How do YOU keep your music? if your collection consists of two Andrew Lloyd Webber soundtracks and Dark Side of The Moon, then this does not affect you. If you can’t remember where the CDs are because you listen to Spotify and Last.fm, then this does not affect you. But if you have hundreds of CDs, and are always looking for the one you want to hear, or looking for any one you might want to hear, then this does affect you.

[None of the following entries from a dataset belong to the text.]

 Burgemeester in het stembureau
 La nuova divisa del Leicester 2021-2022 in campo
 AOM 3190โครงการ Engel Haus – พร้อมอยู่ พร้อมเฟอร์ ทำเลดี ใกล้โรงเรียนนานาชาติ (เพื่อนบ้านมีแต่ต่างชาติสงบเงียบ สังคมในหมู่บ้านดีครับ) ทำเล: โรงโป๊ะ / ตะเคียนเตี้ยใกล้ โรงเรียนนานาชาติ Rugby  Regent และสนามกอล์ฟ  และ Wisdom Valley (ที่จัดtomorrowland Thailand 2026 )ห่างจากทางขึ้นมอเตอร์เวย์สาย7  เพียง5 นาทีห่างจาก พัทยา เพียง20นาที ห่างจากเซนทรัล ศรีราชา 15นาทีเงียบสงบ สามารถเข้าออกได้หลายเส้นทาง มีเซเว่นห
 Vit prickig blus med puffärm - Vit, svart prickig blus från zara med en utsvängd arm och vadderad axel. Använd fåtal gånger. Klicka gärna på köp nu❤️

It should have been easy. Alphabetic sequence. Job done. BUT,.. there are complications. There’s a separate place for jazz CDs. And classical CDs. And recently bought CDs that I’m playing a lot. And world music. And blues. And various artist sampler CDs. Wait a minute, does Joe Zawinul come under jazz or world? does Penguin Cafe Orchestra come under jazz or classic or pop? what is the difference between pop and rock? Do film soundtracks go with the various artists sampler CDs?

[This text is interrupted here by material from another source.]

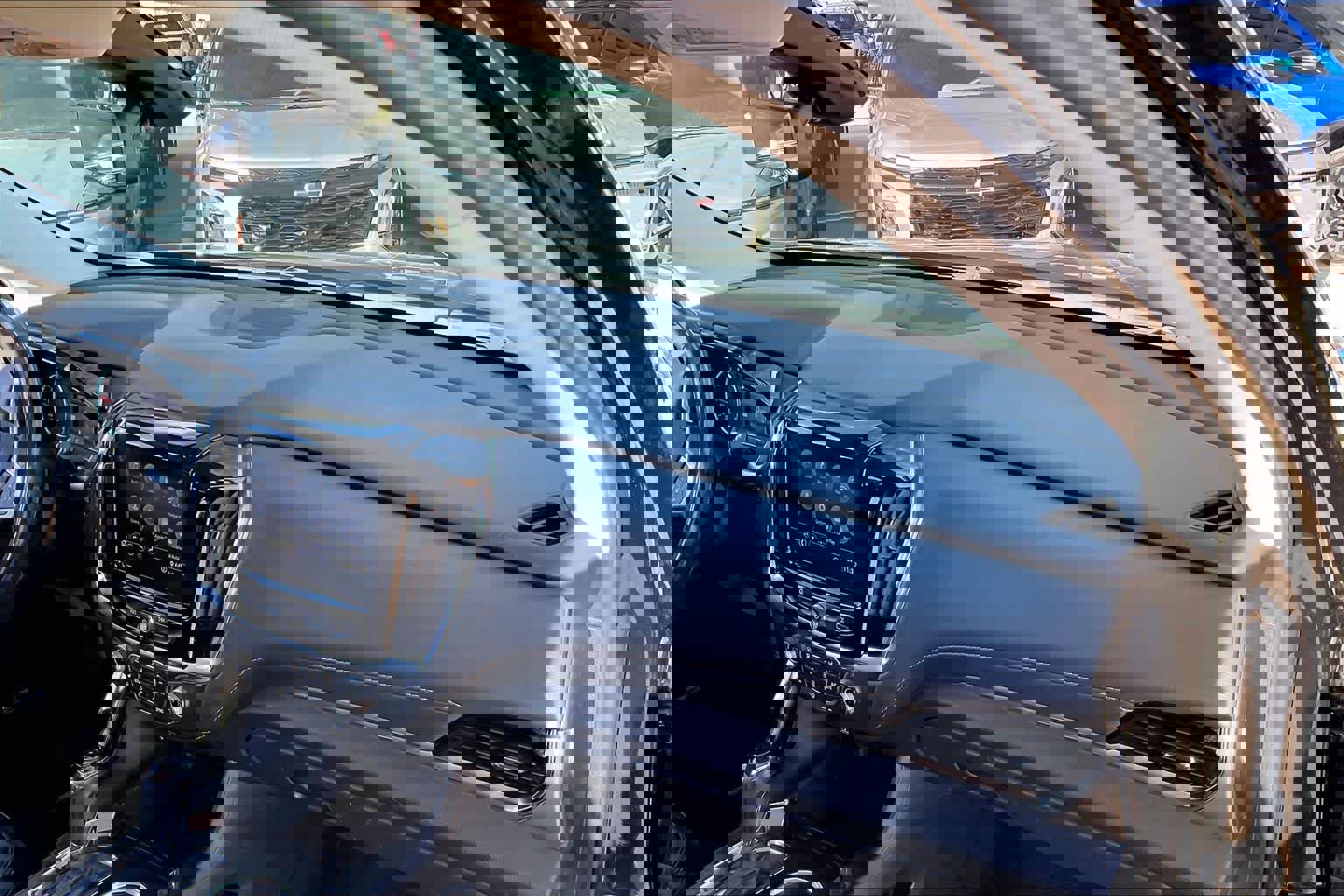 Used 2020 Chevrolet Traverse RS image 17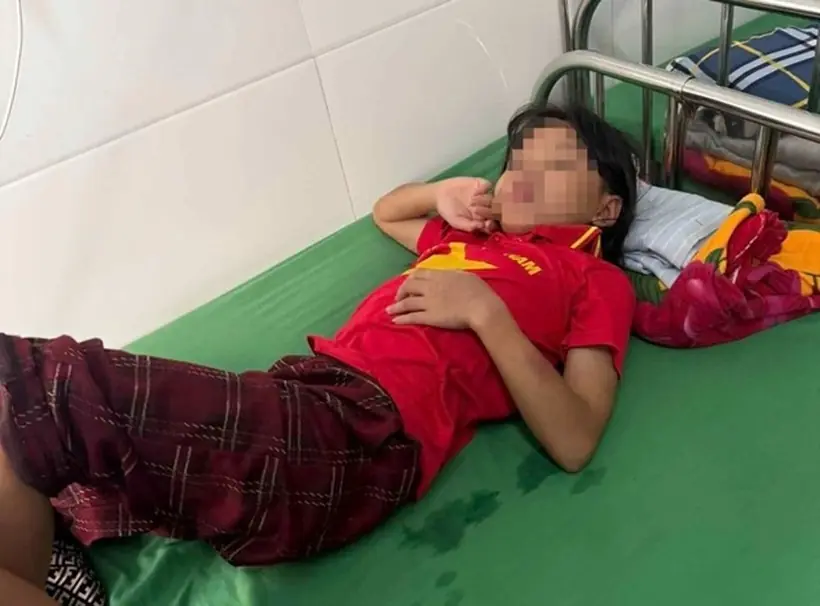 Vụ bé gái lớp 5 thươg tích khắp người, nghi bị bố dượng đ ánh: Người mẹ đang ở đâu?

And the classical CDs – are they in sequence by composer or by performer? Aha! I had a great idea for Classical CDs, I realise that I recognise them primarily by the colour of the spine. So I put them in colour sequence! Then I thought for a moment I might do that for the pop/rock CDs too! And the shelf looked more attractive in the room too!

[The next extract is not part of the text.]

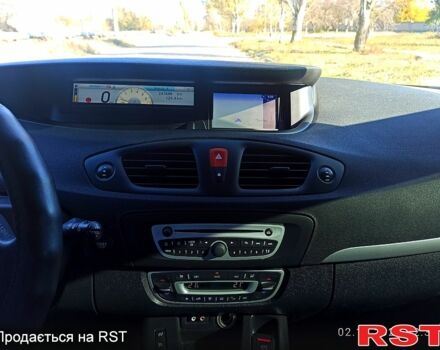 Серый Рено Гранд Сценик, объемом двигателя 1.4 л и пробегом 247 тыс. км за 6700 $, фото 10 на Automoto.ua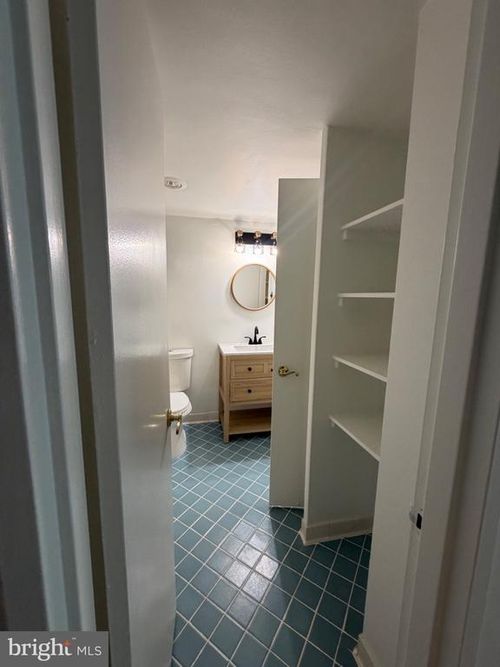 504-2939 Van Ness St Nw, WASHINGTON, DC, 20008-4607 | Card Image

But now I have an iPod Touch with an app that controls the laptop, which sends digital music files to the DAC in the Hi-Fi. So all I see is a list. and I always see the same six CDs at the beginning of each letter of the alphabet. I was not expecting this. I am now doing a database search through identical looking strings of text. The right-brain emotional connections have been hidden.
In the old days every piece of music had a cover and the artefact had history. There was that CD that a friend gave me; one that I borrowed but lost touch with the owner; one that is old and worn, and I bought when I was on holiday; one with a broken case, one where the CD always falls out, and one that I can never find because the spine is blank. A case with no CD in it! I liked all of that.
How can we restore the natural interface between man and musical media, now that the computer has taken over?